> [MATERIAL FOR THE TASK]:
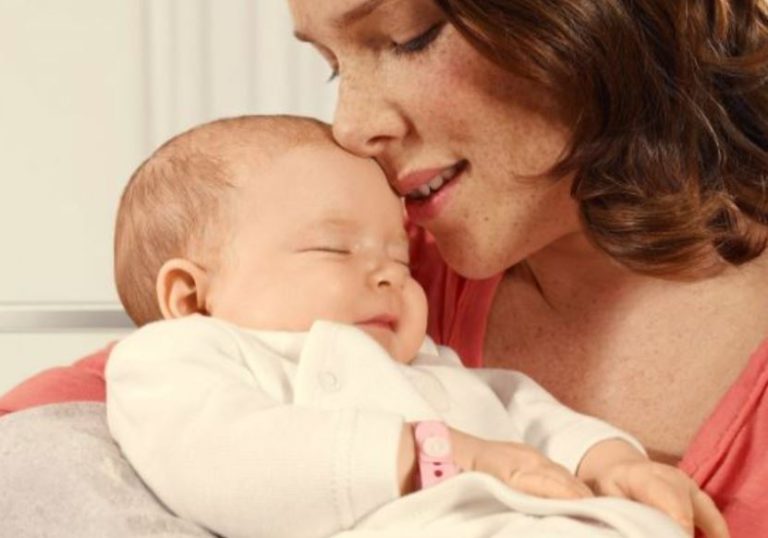 Л ікарі сказали моєму чоловікові, що він ніколи не зможе мати дітей. А вчора я дізналася, що вагітна — і я боюся розповісти йому цю новину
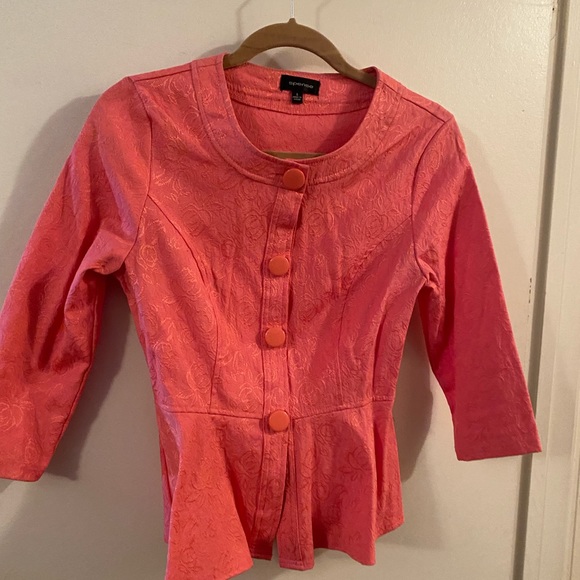 Women jacket, pant, skirts, suits sizes 2, 4 or 4P. $30-$40 or best offer. - Picture 4 of 16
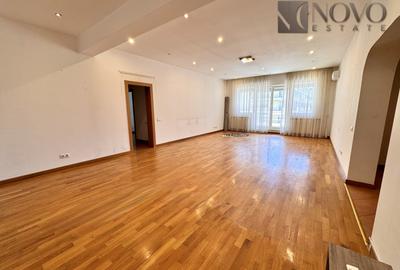 Apartament cu 4 camere semidecomandat, mobilat în Herăstrău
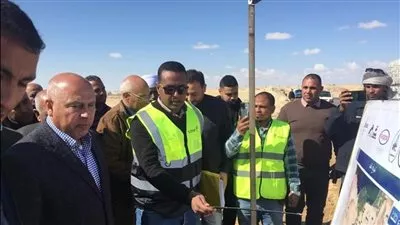 وزير النقل يتفقد مواقع العمل بالخط الثاني للقطار الكهربائي السريع 
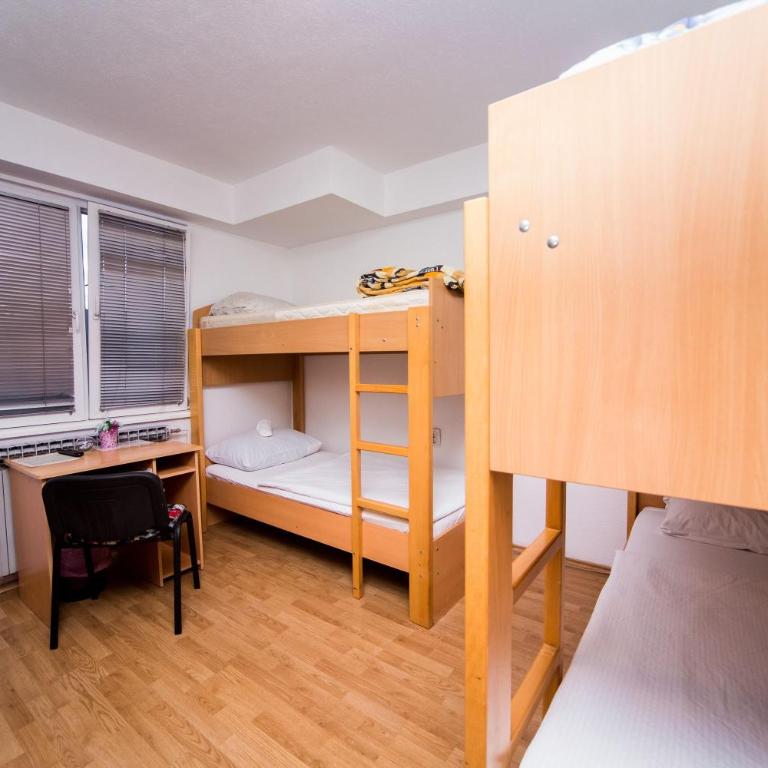 Hostel Herz - Dvokrevetna Soba sa Zasebnim Krevetima i Zajedničkim Kupatilom - 11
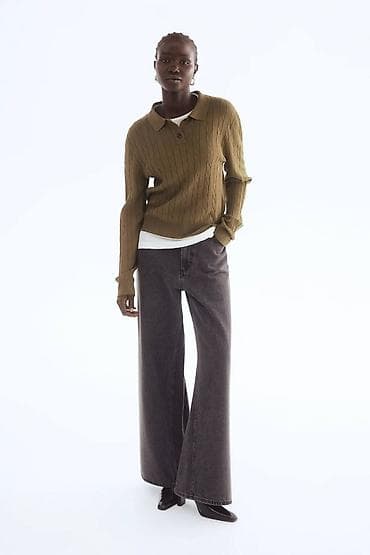 Polo pleteni dzemper izradjen od meke i tanje trikotaze Dostupna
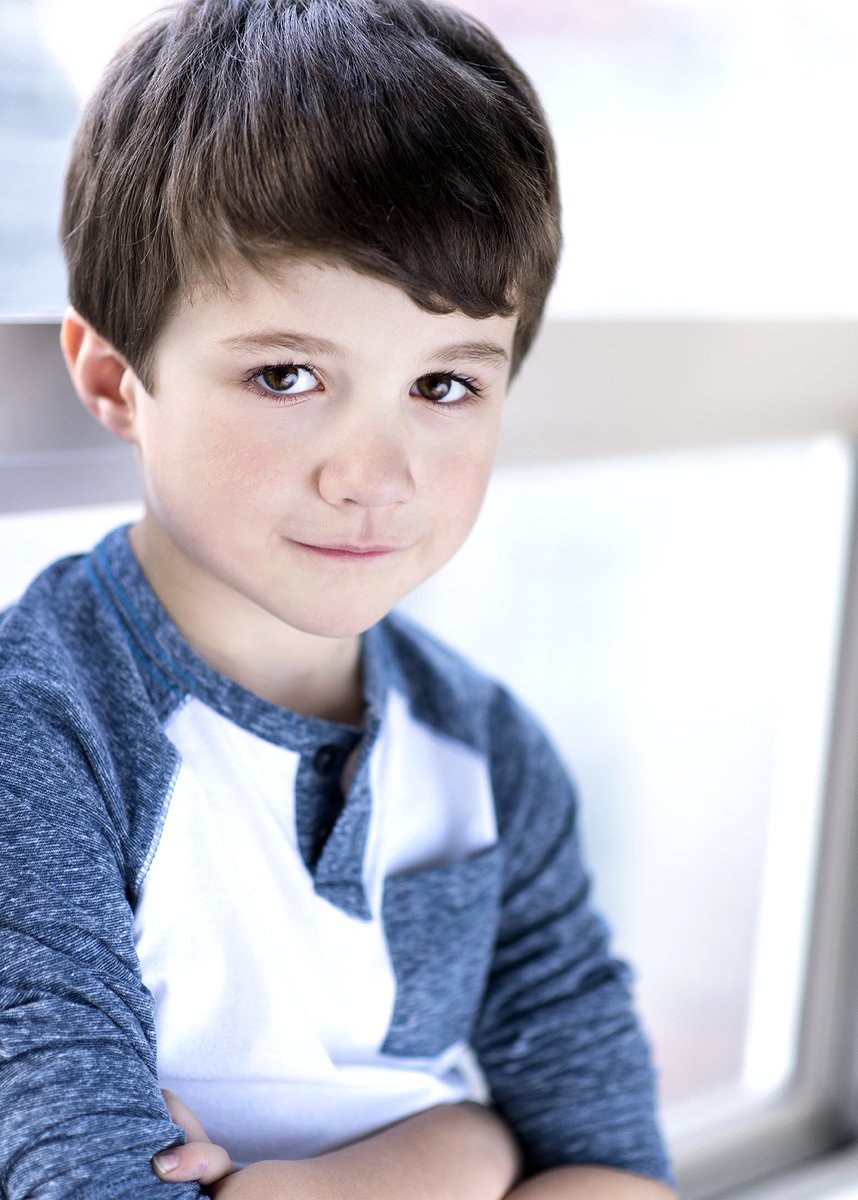 happy55girl's tweet photo. Cheering Anthony on @ his next big audition! #lifeofAnthony #SeanCosseyCasting #yvrshoots #actorslife #youngactor https://t.co/VLteUlpVcc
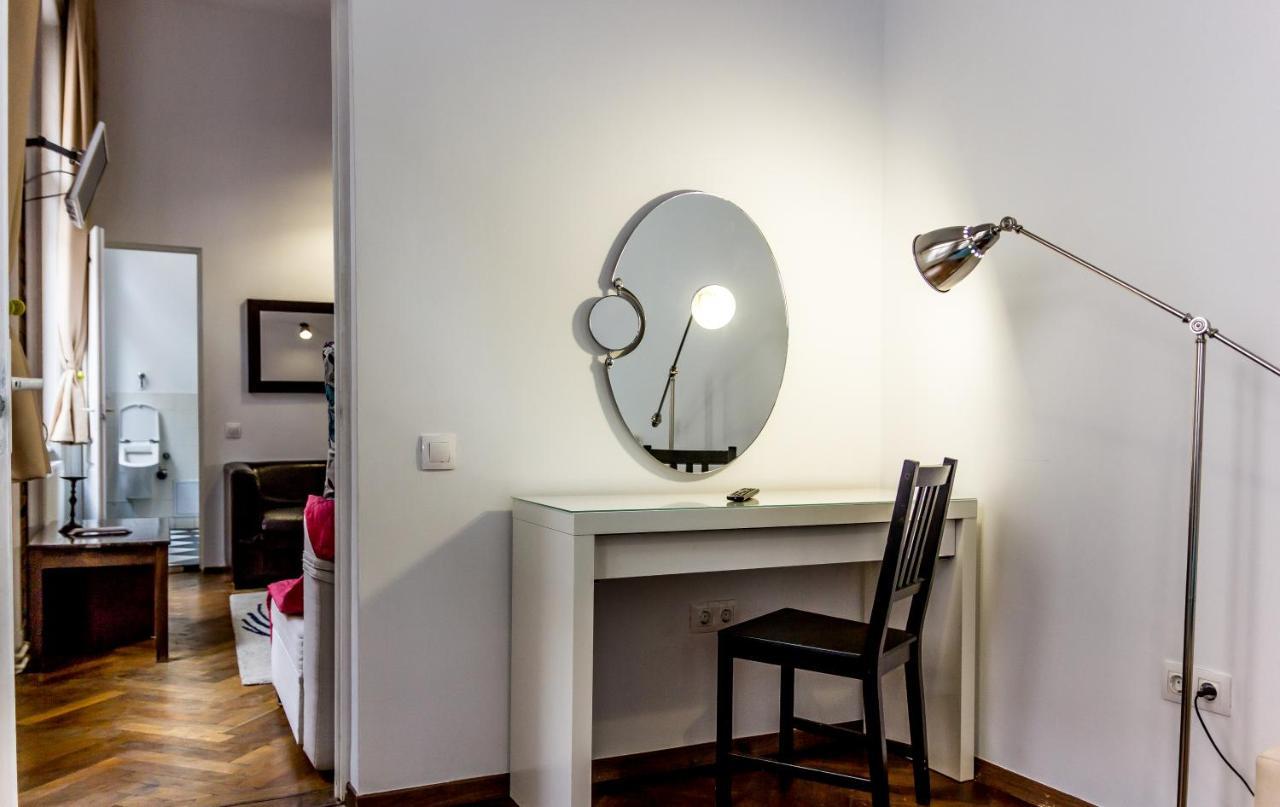 Premium Apartments Braşov Exteriör bild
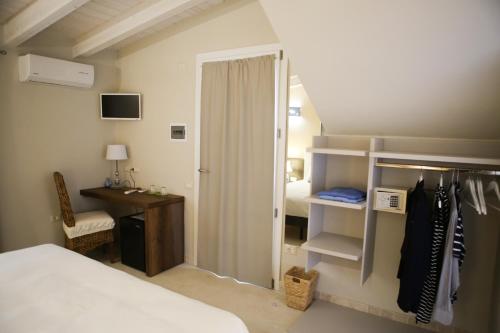 卡利亚里Avion B&B的一间卧室配有一张床、一张书桌和一个衣柜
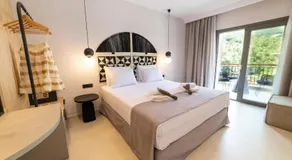 Anesis Deluxe Apartments - Image 2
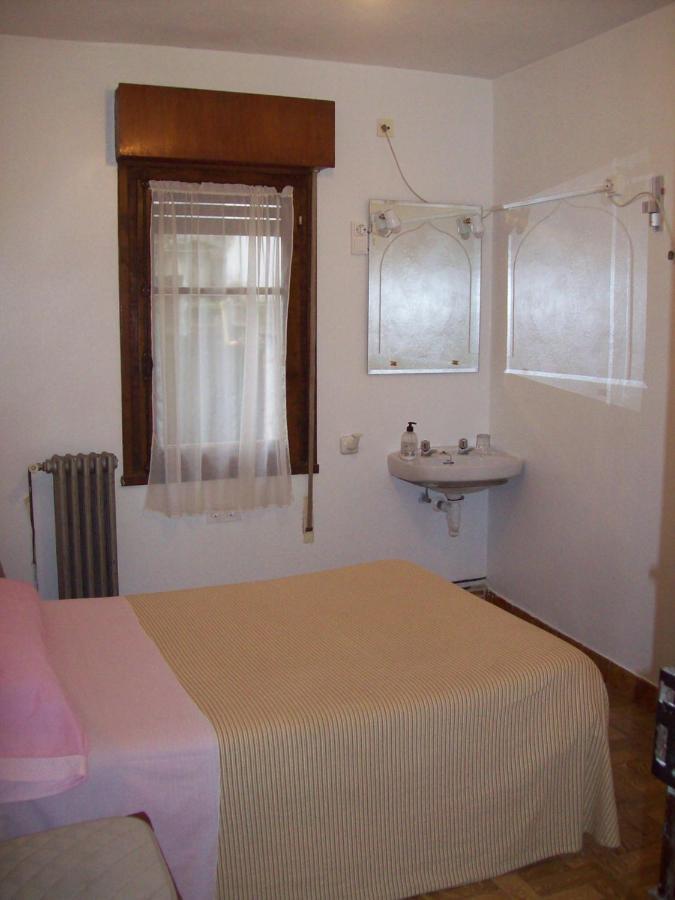 Pension Los Pinos Gijon Exterior photo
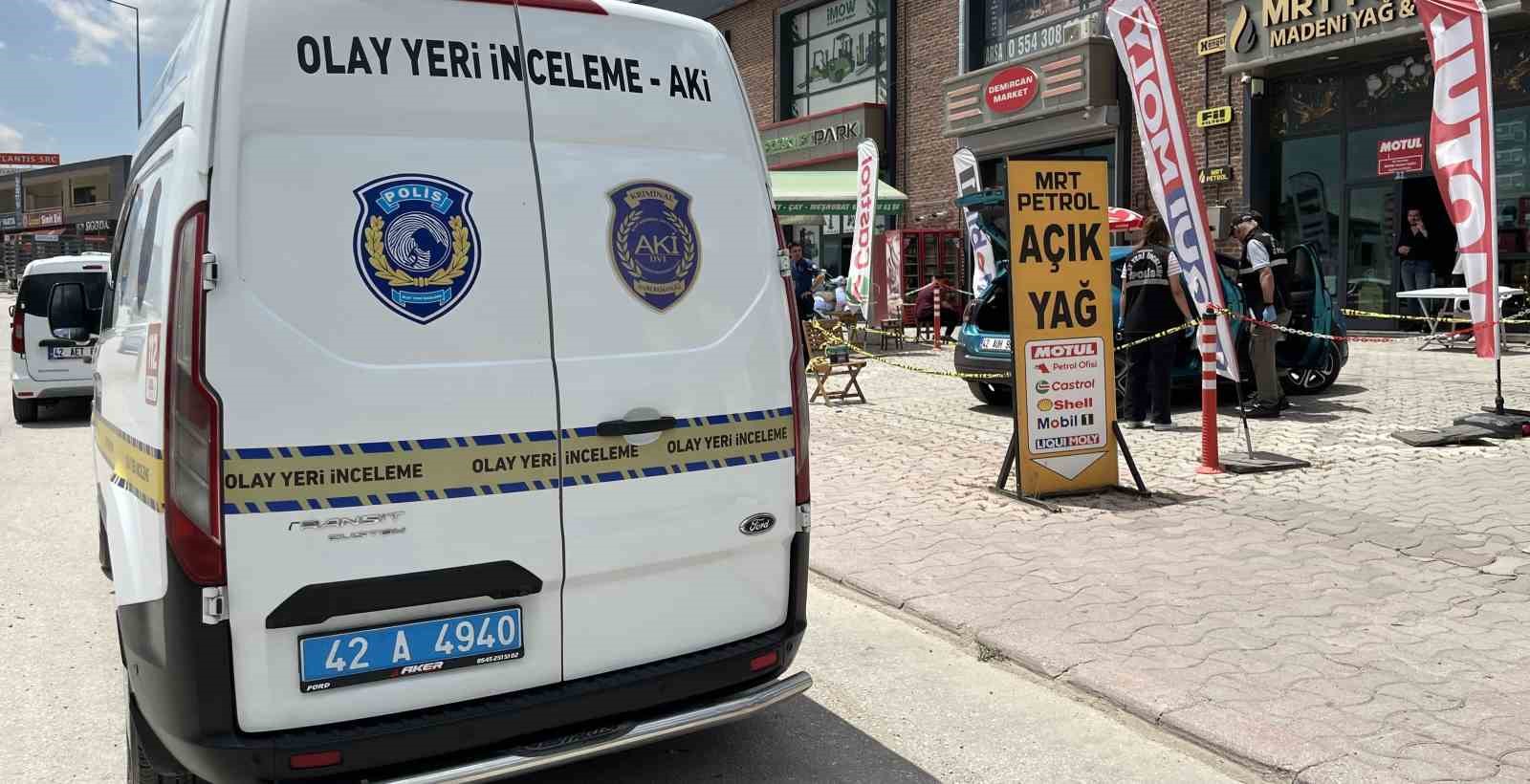 Konya’da kafe kurşunlayan şüpheli aracını bırakarak kaçtı 5 konyada kafe kursunlayan supheli aracini birakarak kacti 1 WOWtzqz7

> [WHAT YOU WILL DO]:
Leave every picture out, and repeat exactly the lines from the one containing "Women jacket, pant, skirts, suits" through the last line of the entries, both ends included.

> [ANSWER]:
 Women jacket, pant, skirts, suits sizes 2, 4 or 4P. $30-$40 or best offer. - Picture 4 of 16
 Apartament cu 4 camere semidecomandat, mobilat în Herăstrău
 وزير النقل يتفقد مواقع العمل بالخط الثاني للقطار الكهربائي السريع 
 Hostel Herz - Dvokrevetna Soba sa Zasebnim Krevetima i Zajedničkim Kupatilom - 11
 Polo pleteni dzemper izradjen od meke i tanje trikotaze Dostupna
 happy55girl's tweet photo. Cheering Anthony on @ his next big audition! #lifeofAnthony #SeanCosseyCasting #yvrshoots #actorslife #youngactor https://t.co/VLteUlpVcc
 Premium Apartments Braşov Exteriör bild
 卡利亚里Avion B&B的一间卧室配有一张床、一张书桌和一个衣柜
 Anesis Deluxe Apartments - Image 2
 Pension Los Pinos Gijon Exterior photo
 Konya’da kafe kurşunlayan şüpheli aracını bırakarak kaçtı 5 konyada kafe kursunlayan supheli aracini birakarak kacti 1 WOWtzqz7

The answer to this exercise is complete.